'Happiness formula' for kids: love, insight, fortitude, engagement
Updated: 2012-10-23 07:28
By Ho Lok-Sang(HK Edition)
|
|||||||||
I completed a study a while ago for the Early Childhood Development Research Foundation. It is a survey of school children from Primary 4 to Secondary 3. Conducted early this year, the survey attempted to pursue an investigation of the interaction between parents and children.
One notable finding is that the happiness of Hong Kong children keeps declining as they move into adolescence. The sharp and monotonic decline is common for school children in local schools as it is in international schools. This pattern, however, turns out to be quite common. In Europe, North America, as well as in Australia, this pattern has been repeated, suggesting that a decline in happiness among school children as they move into more senior years may be universal. Possible causes include physiological development and increasing pressures.
As children's happiness decline moving into the teens, parents' happiness also shows a similar decline. Parents' happiness peaks when their children reach the age of 13, at which time parents report happiness at 7.05 (on a scale of 0 to 10). When children reach the age of 15-17, parents report happiness of 6.41. Parents with adolescent children clearly face a lot of pressures. They often do not know what to do. Unfortunately, parenting skills do not come to parents automatically. To raise confident, happy, and healthy children, parents need guidance.
The study, as well as other studies that I have conducted since 2008, has confirmed a "happiness formula" based on four mental qualities: love, insight, fortitude, and engagement. Love is simply a genuine concern and care for others' welfare, in particular other members in the family. Insight is just another word for wisdom, and comprises several elements: a sense of proportion or balance, being able to distinguish between ends and means, understanding success more in terms of achieving one's potential than in terms of impressing others, among others. Fortitude is simply another word for resilience, while engagement is purposive and active living. It is found that love, insight, fortitude, as well as engagement tend to decline in inverse proportion to the age of the child.

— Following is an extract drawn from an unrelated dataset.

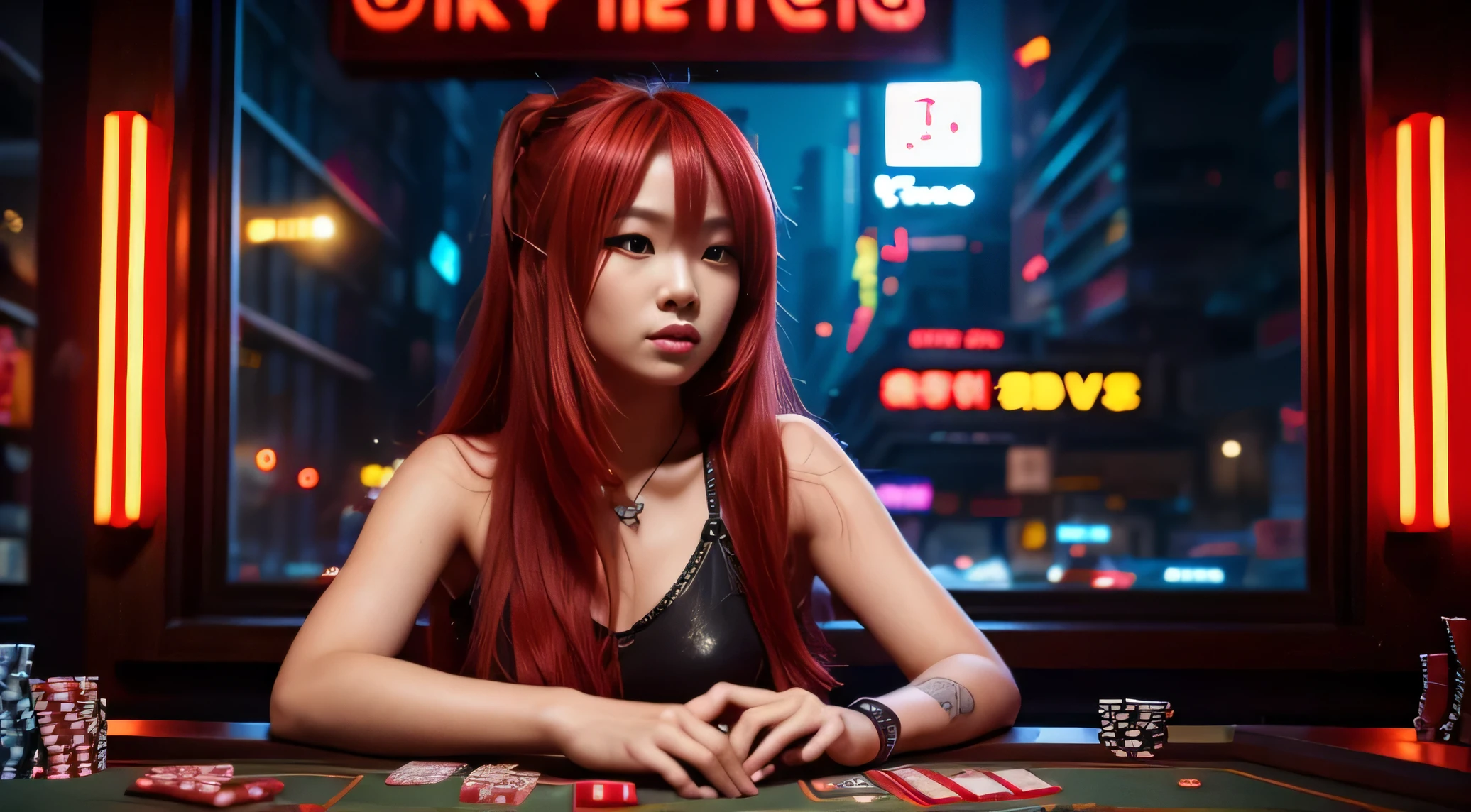 Long Red Haired Asian Female looking camera and sitting in a Apartment,Red,Sitting,Night,Table,Playing Cards,Dust,Artwork,3D,4K,Detailed,Realistic,cyberpunk,cozy,neon lights,retro tech,window,Poker,Invertory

Another important finding is that children's love is inextricably and foremost tied to a healthy, loving relationship between their parents. It is also related in declining order to perceptions that parents respect their opinions, their privacy, and show that they are caring. Clearly, children learn from their parents' example. It is also found that the commonly alluded to "generation gap" between older parents and children is not really a problem, if children feel that their opinions and privacy are respected.
Perhaps most puzzling is the finding that families with siblings are usually less happy than families without siblings. Family disharmony is more often found in families with more than one child. This apparently puzzling result may be associated with the competition for parents' attention and a perception of uneven treatment. A recent Time Magazine cover story actually pointed out that favoritism is a common phenomenon and that it produces damaging effects, especially on the less favored child but sometimes also even on the favored child, who could be burdened with a sense of guilt.
Still another puzzling result is that extra curricular activities appear to produce even more pressures than school work. At one time, extra curricular activities used to take pressures away from school work, because they were fun. Today, unfortunately, many school children have come to realize that they need to decorate their CVs or portfolios with a rich array of extracurricular activities. Many parents are known to arrange all kinds of activities for their children: piano lessons, ballet, art, swimming, etc. These are great if they are not excessively burdensome and if the children like them.
One final result from the study is that happiness is related to the "disposable time of school children", which is defined as time after commuting, school hours, and homework. This is obviously related to pressures. When a child's weekly time table is all packed with different things, he will be deprived of leisure, which everybody needs for a breathing space. If we care for the well being of the child, surely we want to leave some breathing space for him!
The author is director of the Centre for Public Policy Studies, Lingnan University.